____ Entries shown

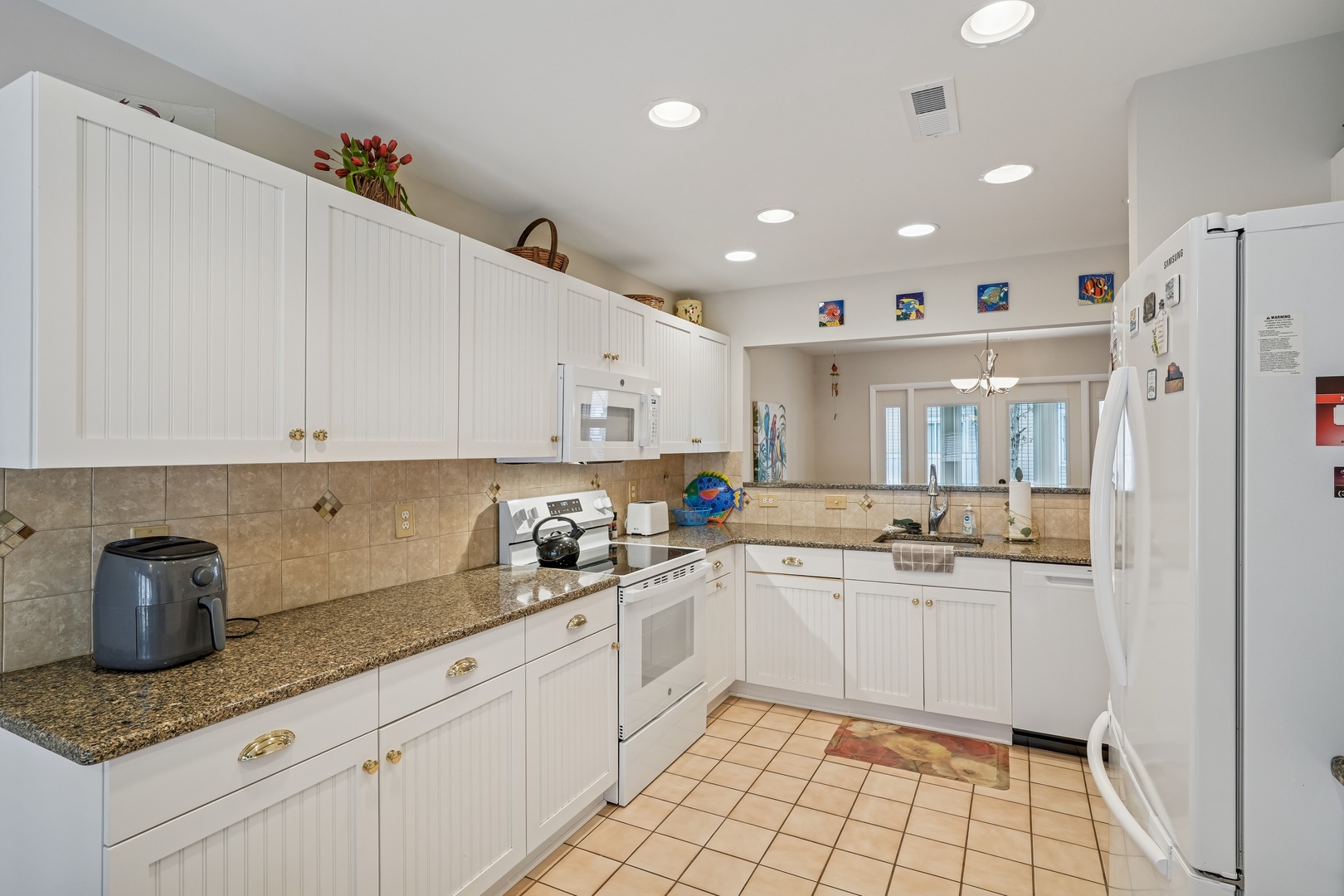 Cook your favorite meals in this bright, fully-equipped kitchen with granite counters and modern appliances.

________
____ Entries shown

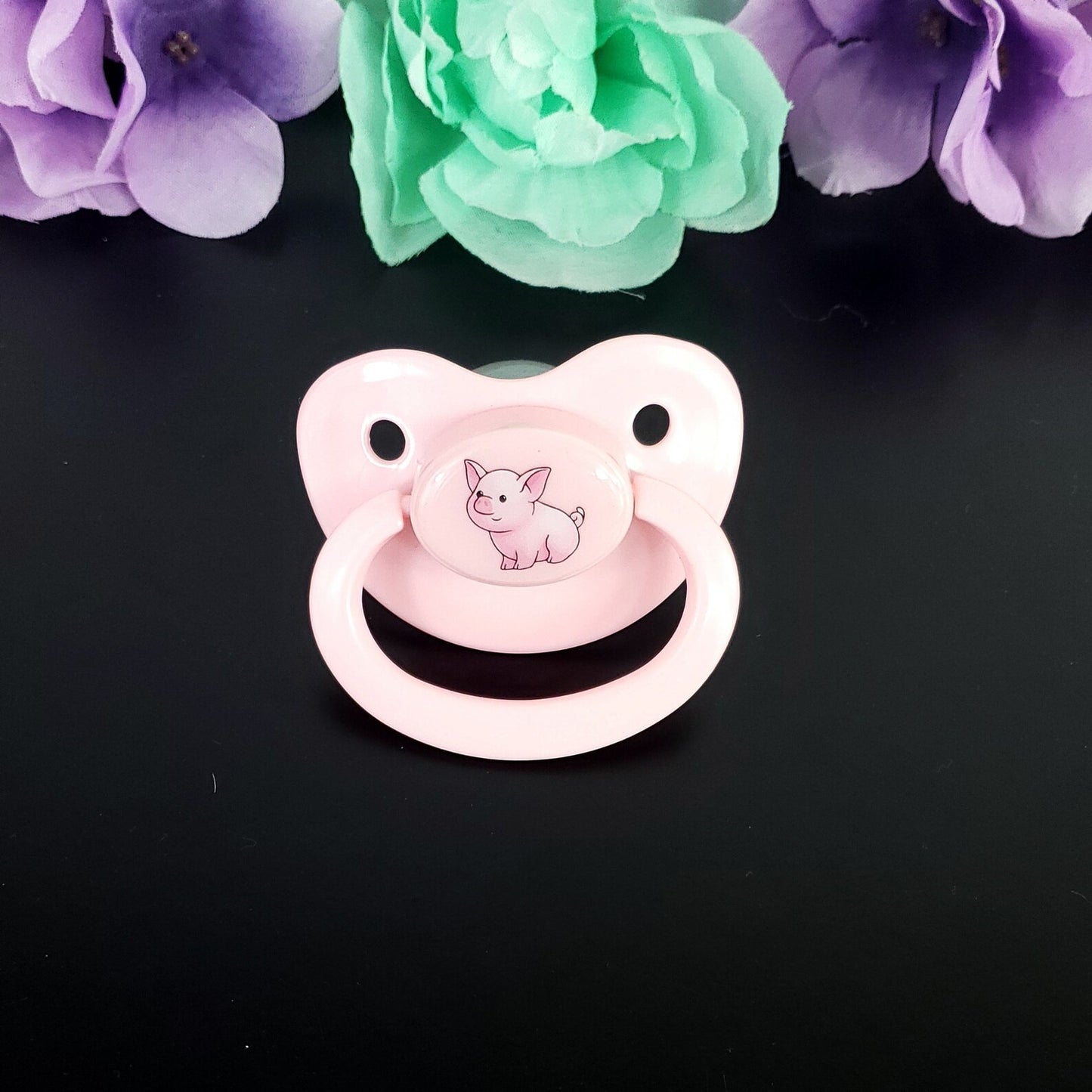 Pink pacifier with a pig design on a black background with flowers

________
____ Entries shown

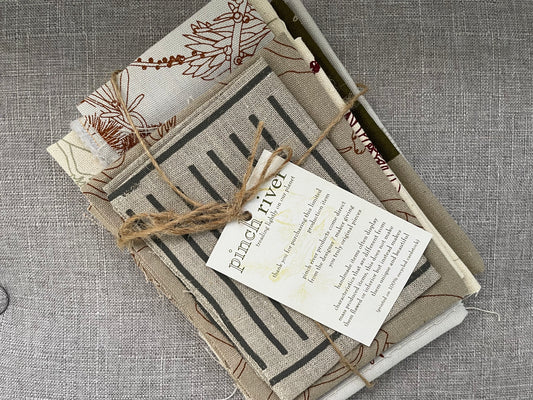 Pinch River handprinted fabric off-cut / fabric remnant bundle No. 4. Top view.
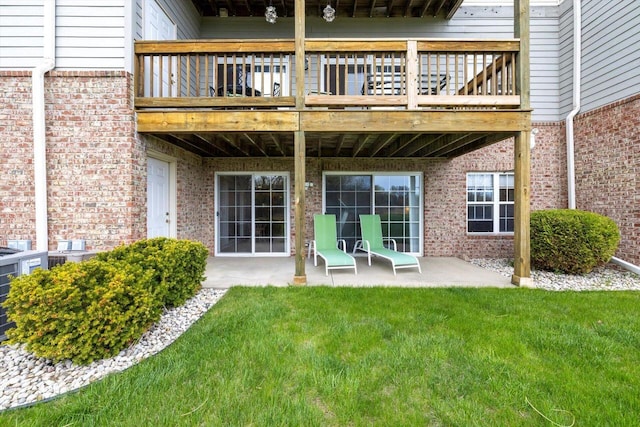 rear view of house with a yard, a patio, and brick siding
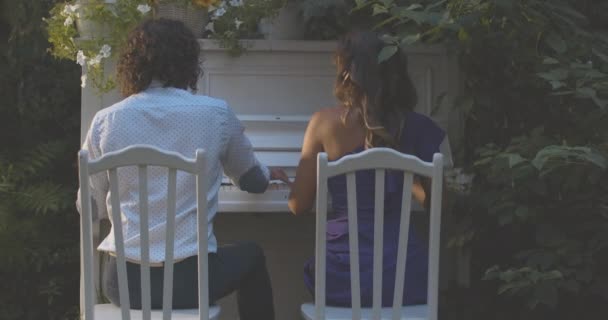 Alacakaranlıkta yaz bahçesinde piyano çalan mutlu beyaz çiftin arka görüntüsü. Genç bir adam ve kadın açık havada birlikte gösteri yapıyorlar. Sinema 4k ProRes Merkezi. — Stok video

________

◆ **What to work on**
Nothing but the lines from the one with "rear view of" to the one with "Alacakaranlıkta yaz bahçesinde" above, both included, should be transcribed, exactly and without pictures.

◆ **Answer area**
 rear view of house with a yard, a patio, and brick siding
 Alacakaranlıkta yaz bahçesinde piyano çalan mutlu beyaz çiftin arka görüntüsü. Genç bir adam ve kadın açık havada birlikte gösteri yapıyorlar. Sinema 4k ProRes Merkezi. — Stok video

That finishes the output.